NUESTRA SEÑORA DE LOS DOLORES
A los pies de la Cruz, un grupo de almas buenas llora sin cesar. Grande, muy grande es su dolor…, pero ¿cómo compararlo con el de aquella Madre que llora la pérdida de su Hijo?…
¡Pobre Madre!… ¿Qué va a hacer ahora sin su Hijo?
Quizás, en medio del dolor, comenzó a preocuparle la sepultura de su Hijo…, pero, ¿cómo y dónde?.., si Ella no tenía sepultura, ni medios para comprarla…; si sus amigos se habían ocultado unos… y otros hecho enemigos… ¿A dónde acudir?… ¿Quién descenderá a su Jesús de la Cruz?…

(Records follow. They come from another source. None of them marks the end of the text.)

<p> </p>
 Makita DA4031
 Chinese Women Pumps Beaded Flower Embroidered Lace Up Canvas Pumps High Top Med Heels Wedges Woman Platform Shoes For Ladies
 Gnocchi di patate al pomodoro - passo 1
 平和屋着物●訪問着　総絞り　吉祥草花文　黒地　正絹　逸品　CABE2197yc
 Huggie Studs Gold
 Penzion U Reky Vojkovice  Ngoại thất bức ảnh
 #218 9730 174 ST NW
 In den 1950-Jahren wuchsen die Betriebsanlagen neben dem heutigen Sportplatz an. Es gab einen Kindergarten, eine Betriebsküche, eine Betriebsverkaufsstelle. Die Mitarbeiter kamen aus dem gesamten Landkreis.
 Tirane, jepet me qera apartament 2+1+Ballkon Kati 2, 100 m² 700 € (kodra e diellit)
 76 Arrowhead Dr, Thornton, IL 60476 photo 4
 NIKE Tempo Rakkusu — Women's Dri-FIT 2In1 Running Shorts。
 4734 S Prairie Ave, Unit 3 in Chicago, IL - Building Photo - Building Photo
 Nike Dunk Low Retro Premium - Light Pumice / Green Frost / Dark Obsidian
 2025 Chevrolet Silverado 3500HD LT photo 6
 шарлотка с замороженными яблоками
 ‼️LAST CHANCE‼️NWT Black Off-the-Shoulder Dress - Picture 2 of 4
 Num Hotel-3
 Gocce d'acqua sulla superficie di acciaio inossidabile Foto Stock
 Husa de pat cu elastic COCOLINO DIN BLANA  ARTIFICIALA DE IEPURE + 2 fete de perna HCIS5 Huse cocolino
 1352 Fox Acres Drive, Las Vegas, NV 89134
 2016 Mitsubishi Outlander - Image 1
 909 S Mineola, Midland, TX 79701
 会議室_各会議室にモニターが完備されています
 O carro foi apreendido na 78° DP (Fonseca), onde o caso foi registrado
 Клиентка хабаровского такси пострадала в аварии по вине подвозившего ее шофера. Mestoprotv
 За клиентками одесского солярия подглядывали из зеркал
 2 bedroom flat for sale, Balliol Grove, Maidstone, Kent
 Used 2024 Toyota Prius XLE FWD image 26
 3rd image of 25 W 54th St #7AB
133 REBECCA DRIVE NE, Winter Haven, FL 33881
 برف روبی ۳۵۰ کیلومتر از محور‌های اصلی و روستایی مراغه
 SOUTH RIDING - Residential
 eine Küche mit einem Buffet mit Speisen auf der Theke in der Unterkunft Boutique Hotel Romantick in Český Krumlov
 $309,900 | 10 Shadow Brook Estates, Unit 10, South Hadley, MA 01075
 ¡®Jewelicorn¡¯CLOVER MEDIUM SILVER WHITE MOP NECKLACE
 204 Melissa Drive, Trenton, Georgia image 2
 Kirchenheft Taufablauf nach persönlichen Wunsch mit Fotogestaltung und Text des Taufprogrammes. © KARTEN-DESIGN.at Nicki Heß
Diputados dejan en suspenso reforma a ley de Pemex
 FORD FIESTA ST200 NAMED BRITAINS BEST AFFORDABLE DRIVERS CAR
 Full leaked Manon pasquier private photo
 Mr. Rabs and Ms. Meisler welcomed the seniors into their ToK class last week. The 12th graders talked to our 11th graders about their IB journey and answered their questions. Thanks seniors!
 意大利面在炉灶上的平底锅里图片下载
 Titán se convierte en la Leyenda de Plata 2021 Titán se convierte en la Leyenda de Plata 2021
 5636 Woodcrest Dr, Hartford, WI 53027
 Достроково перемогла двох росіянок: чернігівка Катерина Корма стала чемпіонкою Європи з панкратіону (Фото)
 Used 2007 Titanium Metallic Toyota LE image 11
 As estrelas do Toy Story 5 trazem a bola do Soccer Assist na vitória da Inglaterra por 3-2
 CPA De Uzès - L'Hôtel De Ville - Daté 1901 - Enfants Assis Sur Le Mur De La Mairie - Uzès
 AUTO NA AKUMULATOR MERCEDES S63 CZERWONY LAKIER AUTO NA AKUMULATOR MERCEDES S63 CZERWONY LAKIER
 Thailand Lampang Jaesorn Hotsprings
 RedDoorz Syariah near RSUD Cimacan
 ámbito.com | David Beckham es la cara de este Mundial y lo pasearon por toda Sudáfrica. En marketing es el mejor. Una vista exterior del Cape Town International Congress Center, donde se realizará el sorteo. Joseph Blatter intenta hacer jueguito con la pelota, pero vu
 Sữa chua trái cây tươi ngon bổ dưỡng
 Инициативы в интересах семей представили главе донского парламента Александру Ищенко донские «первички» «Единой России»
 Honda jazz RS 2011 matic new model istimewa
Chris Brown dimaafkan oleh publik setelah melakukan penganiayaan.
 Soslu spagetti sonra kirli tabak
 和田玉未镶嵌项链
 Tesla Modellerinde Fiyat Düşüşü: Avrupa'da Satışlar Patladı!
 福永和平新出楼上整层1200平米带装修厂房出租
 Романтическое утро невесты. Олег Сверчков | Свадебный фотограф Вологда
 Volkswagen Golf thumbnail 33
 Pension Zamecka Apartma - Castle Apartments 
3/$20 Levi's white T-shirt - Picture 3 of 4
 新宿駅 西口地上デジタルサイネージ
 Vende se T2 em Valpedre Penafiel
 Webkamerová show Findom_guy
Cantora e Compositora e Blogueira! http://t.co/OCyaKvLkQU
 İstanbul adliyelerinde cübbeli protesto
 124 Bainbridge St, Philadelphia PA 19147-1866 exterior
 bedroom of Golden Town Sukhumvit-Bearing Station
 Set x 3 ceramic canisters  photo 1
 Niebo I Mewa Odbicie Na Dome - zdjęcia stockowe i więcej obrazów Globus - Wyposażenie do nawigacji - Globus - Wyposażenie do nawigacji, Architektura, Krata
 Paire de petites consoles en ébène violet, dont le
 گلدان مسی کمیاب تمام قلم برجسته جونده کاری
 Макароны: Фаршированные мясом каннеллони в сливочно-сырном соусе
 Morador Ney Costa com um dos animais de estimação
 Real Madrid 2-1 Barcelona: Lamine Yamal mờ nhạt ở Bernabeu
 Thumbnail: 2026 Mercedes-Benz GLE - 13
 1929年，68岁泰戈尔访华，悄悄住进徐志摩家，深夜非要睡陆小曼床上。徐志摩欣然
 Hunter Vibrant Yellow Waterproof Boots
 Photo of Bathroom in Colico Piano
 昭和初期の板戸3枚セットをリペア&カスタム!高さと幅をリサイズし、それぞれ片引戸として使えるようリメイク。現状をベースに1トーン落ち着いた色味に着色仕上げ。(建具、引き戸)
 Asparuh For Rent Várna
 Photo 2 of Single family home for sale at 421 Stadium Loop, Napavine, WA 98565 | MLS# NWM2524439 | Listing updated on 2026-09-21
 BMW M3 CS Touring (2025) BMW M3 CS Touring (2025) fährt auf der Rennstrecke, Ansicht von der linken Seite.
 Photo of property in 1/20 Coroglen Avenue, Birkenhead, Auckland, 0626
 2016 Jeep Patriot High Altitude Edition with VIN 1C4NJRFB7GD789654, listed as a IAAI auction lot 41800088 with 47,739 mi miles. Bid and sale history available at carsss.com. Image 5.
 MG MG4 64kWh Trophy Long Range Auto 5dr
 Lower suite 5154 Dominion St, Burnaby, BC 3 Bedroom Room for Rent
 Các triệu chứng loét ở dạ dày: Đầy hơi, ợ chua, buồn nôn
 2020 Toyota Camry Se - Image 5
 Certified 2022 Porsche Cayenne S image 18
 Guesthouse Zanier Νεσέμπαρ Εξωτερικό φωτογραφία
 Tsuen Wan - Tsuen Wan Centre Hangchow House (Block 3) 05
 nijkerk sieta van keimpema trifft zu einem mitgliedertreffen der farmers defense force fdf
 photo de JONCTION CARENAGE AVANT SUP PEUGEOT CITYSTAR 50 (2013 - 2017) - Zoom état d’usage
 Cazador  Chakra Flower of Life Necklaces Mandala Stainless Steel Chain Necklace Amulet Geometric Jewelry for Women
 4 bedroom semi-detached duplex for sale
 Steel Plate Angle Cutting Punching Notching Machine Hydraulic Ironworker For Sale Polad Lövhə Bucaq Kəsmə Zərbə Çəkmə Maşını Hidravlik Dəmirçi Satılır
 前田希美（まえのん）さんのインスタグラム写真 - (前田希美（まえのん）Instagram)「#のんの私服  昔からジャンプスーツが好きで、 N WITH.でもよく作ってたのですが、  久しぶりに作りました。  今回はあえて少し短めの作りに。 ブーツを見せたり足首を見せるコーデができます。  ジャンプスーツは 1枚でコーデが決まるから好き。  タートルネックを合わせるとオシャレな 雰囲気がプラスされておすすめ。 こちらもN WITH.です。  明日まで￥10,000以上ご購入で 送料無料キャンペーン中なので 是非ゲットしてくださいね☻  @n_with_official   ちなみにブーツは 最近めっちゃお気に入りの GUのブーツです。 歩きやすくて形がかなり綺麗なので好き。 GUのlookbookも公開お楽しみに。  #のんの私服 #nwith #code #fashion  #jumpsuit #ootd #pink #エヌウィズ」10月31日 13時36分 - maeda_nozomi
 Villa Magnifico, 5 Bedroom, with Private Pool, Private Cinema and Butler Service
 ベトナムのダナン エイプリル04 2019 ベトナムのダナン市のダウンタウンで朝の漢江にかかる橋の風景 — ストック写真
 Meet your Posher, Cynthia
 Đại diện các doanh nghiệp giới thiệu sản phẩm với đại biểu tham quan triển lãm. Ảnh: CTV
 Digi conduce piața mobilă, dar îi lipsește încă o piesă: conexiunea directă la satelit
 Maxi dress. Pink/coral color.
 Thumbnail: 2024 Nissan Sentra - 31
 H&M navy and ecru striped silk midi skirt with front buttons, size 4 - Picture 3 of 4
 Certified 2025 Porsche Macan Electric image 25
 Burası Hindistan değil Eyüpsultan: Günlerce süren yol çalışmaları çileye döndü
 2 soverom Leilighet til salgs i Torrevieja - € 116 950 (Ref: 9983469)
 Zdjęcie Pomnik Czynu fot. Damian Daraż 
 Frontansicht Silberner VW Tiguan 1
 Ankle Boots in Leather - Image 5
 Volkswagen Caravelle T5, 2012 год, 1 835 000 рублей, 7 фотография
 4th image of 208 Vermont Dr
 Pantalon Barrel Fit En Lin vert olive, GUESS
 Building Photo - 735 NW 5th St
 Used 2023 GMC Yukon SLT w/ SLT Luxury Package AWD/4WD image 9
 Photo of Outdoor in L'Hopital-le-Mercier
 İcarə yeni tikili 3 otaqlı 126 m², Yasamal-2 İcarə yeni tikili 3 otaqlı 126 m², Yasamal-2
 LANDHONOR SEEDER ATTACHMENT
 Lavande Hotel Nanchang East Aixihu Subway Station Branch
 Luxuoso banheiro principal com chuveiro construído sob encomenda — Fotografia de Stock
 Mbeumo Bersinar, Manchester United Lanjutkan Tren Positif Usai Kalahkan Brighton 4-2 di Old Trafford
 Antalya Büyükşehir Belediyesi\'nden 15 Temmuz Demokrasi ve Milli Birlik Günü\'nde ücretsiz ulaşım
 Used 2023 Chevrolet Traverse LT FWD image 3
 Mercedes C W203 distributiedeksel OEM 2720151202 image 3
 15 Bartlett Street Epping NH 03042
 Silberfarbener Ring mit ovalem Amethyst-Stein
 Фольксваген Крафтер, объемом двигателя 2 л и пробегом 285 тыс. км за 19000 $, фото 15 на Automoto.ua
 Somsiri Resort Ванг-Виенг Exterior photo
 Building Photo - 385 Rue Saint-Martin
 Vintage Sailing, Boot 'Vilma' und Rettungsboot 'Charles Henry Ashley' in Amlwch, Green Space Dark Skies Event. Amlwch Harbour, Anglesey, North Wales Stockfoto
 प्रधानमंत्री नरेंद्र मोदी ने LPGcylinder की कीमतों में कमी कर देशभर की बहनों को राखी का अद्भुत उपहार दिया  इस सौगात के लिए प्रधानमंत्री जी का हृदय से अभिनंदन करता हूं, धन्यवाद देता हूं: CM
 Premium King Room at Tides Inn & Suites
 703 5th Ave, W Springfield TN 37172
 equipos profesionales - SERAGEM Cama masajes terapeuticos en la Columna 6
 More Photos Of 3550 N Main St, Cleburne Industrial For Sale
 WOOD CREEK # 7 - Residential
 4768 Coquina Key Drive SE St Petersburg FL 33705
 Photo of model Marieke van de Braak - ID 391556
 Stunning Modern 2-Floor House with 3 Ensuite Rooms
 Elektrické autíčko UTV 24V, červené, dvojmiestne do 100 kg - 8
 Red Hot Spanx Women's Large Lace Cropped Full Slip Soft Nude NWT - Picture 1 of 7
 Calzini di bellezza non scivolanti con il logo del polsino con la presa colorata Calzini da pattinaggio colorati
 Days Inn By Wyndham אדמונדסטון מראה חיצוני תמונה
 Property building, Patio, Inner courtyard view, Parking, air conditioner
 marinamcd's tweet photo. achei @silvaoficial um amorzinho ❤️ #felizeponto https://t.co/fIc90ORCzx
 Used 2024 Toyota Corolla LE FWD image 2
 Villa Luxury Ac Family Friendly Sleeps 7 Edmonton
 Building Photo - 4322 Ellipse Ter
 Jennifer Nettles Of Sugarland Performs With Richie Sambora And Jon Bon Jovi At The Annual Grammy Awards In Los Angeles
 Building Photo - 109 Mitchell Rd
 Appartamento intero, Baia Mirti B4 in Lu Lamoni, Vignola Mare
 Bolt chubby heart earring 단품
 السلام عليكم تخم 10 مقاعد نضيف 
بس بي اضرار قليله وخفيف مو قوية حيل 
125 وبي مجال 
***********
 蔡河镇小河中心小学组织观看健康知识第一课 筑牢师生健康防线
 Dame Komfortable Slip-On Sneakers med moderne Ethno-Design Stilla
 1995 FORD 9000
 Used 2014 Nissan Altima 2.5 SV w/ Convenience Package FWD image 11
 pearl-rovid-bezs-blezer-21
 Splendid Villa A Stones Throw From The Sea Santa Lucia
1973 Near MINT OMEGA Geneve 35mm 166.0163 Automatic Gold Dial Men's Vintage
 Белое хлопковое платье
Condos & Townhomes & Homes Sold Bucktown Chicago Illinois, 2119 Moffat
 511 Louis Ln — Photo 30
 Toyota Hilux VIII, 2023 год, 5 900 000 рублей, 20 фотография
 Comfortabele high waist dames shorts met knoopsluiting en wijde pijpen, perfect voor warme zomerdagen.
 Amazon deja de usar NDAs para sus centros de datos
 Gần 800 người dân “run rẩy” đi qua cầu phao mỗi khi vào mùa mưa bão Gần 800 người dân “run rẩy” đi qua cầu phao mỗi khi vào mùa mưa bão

Qué consuelo, en medio de su pena, cuando ve a aquellos santos varones que van a cumplir este piadoso oficio.
Y, efectivamente, con gran cuidado José y Nicodemo le bajan de la Cruz y depositan el santo Cuerpo, en brazos de su Madre.
Postrémonos en espíritu junto a esa Madre, y meditemos con Ella, porque, ¿qué meditación haría la Virgen entonces? ¿Cómo iría recordando, ante la vista de aquel Cuerpo, todos y cada uno de los tormentos de la Pasión?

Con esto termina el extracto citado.